Ai fini della eventuale tassazione del reddito diverso (plusvalenza) occorre, dunque:

  1. verificare se la conversione di bitcoin con altra valuta virtuale (oppure da valute virtuali in euro) avviene per effetto di una cessione a termine oppure
  2. se la giacenza media del wallet abbia superato il controvalore in euro di 51.645,69 per almeno sette giorni lavorativi continui nel periodo d’imposta.

Il reddito diverso generato dalla gestione dei bitcoin, ossia le plusvalenze determinate con il metodo Lifo,  devono essere indicate nel quadro RT del modello Redditi.

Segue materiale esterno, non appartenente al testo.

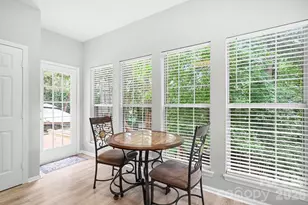 4710 Kirkgard Trail, Charlotte, NC 28269 - Photo 14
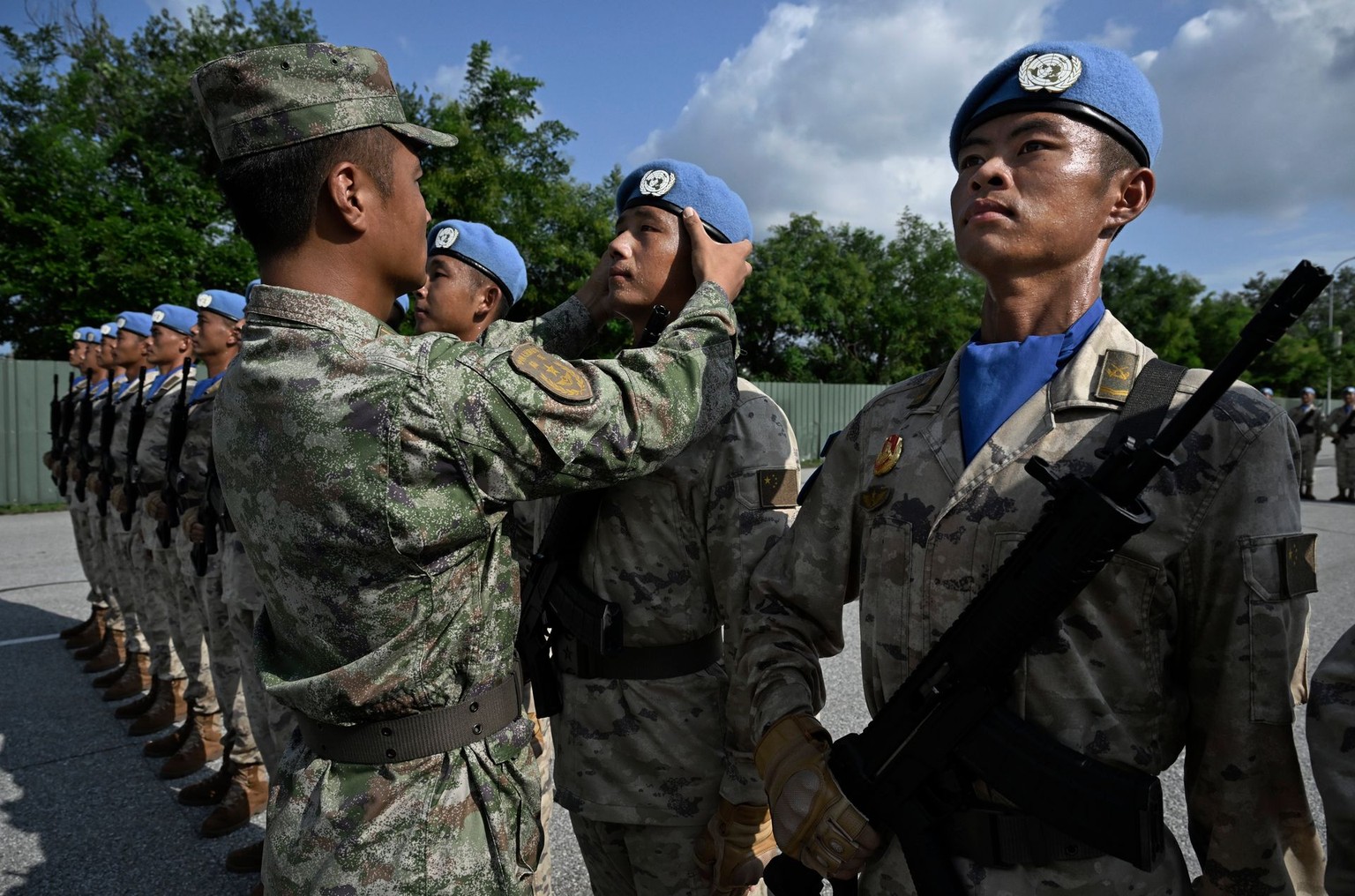 Trump endorsed Chinese peacekeepers in post-war Ukraine, FT reports; White House denies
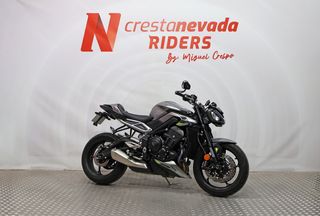 Triumph Street Triple R
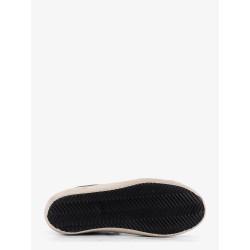 Super-star Classic with List low-top sneakers with iconic side logo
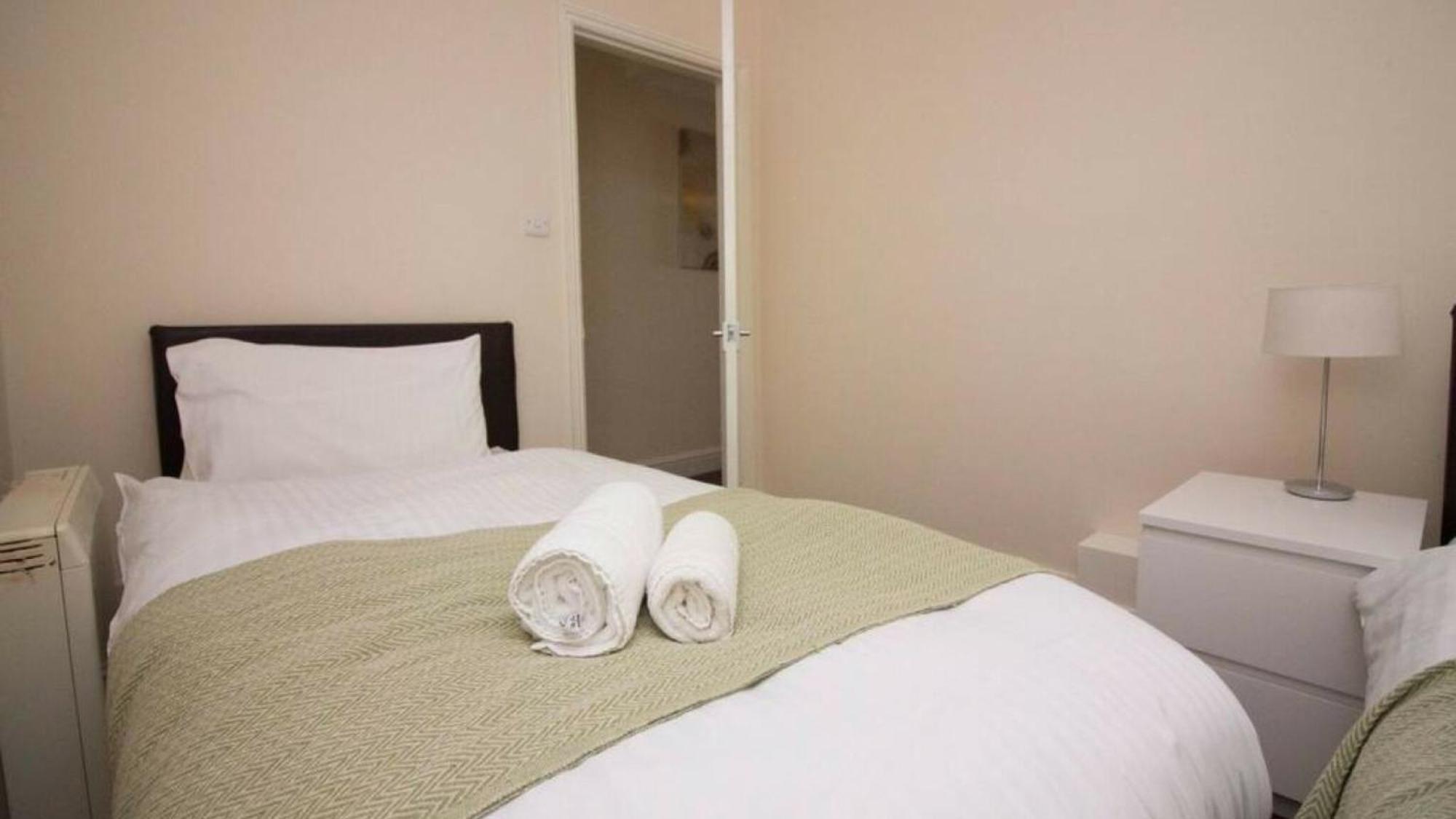 Stayzo Penthouse Accommodation 2- Premier Lodge 南安普敦 外观 照片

Sono soggette ad un’imposta sostitutiva del 26%.

Per quanto riguarda i redditi derivanti dalle operazioni realizzate sul mercato FOREX e da Contract for Difference (CFD) aventi ad oggetto valute virtuali, gli stessi costituiscono redditi diversi ai sensi dell’articolo 67, comma 1, lettera c-quater), del TUIR. Con lo stesso trattamento fiscale (imposta sostituiva al 26%).

Gli obblighi dichiarativi nel quadro RW

Anche le valute virtuali sono soggette a monitoraggio fiscale attraverso la compilazione del quadro RW. Nel quadro RW andrà indicato in colonna 3 (“codice individuazione bene”) il codice 14 – “Altre attività estere di natura finanziaria”.

Il controvalore in euro della valuta virtuale detenuta al 31 dicembre del periodo di riferimento deve essere determinato al cambio indicato a tale data sul sito dove il contribuente ha acquistato la valuta virtuale.

Negli anni successivi, il contribuente dovrà indicare il controvalore detenuto alla fine di ciascun anno o alla data di vendita nel caso di valuta virtuale venduta in corso d’anno.

Da ultimo, si precisa che le valute virtuali non sono soggette ad IVAFE.

L’omessa compilazione del quadro RW può essere sanata in ravvedimento.